Another nice touch yesterday, just after releasing the last fish, was
being checked by MNR Game Warden, Rich LeBlanc. Rick had just checked
another boat, and had an opportunity to see his first musky released.
Point being, others were catching them at the same time. The water
yesterday was the clearest that I have seen in weeks. Kind of a cold,
cloudy, and rainy day. I'm suspect that the lack of sun kept the bloom
from darkening during the day. Also, the current was ripping faster than
I (or Judd) have ever seen it. No explanation as the amount of rain we
received could not have amounted to .01 inch. They must have the dam
screaming up at Kenora.

With the cooler weather, I spent yesterday morning digging my 10" Jakes,
and Depth Raiders out of mothballs, and getting them into shape for the
upcoming trolling season. Kind of a "Spring Training Season". Getting
goose bumps (Wood, for you adults) just thinking about it.

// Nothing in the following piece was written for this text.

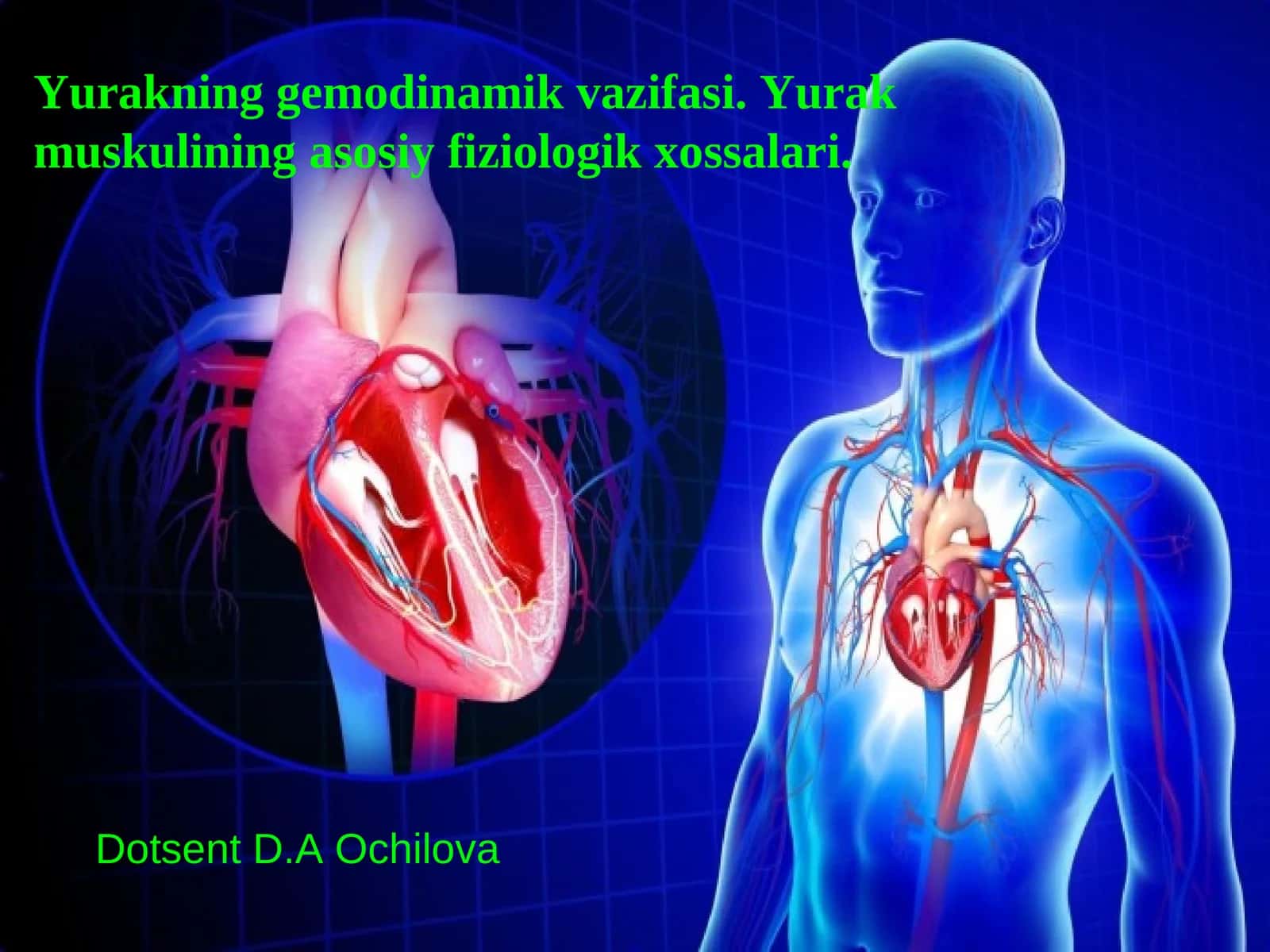 Yurakning gemodinamik vazifasi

Walleye fishing for the week was awesome. Jigging crawler bits at 25-40
off of the deeper north reefs was very productive. Lots of jumbo perch
as well. Fished the reefs in Deep Water Bay a bit on Thursday, and did
surprising well. Bigger (but fewer) fish being caught, up to 26 inches.

. Awesome Week!

Frank Walsh


I sure wish I was doing this report last Monday when I should have. We

have had a tough week since then. A constant battering of cold fronts,
wind, and bloom have made fishing tough towards the end of the week.
Water temperatures have been dropping, and are hovering around 70

Looking at the bright spots, we had three nice fish caught last week. A
52" by Brian Whyte, and a 54" by Jim Laverne. Both from the Rockford
area. Jim is also the guy that nabbed the 49 incher, that made the last
report. The scary part is that all three of these fish came from within
a mile of camp. Oh... the third fish was a 48 ", caught by some lame
guide out of here. All the fish, as well as some BIG, Near Misses, came
off of a black Top Raider. The 54" came off a chartreuse/black home-made
tandem. Fishing at the earlier part of the week was tolerable, with a
number of two fish per boat days, but again got real tough at the end of
the week. The team of Ken Cress and Steve Crook were also able to squeak
out a few (low 40 inch) fish, when others were running for the dock with
their tail between their legs. Stable weather should straighten this out
though. Great bucktail  productivity (early in the week when the fish
were more active) came from Blackburn Tackle's chartreuse/black tail
with a french blade.

Walleye fishing was very good, but suffered the same wind problems. Not
so much the fish activity, but finding sheltered reefs that held active
fish. We has very good reef fishing surrounding the Skeet Island area.
Nothing big, but lots of nice 15-20 inch fish. We also did well jigging
the weed lines. This was more of a by-product of seeking shelter from
the wind, but was a blast. Bloom in the Tug Channel made weed line
fishing difficult there. Bloom does not affect reef fishing, but sure
reduces productivity when fishing weed lines.

laverne54j.jpg (85775 bytes) (click to enlarge)
Picture this week is of Jim Laverne with his 54 inch fish. I think Jim
is the first guy to have back to back photos. Great week Jim!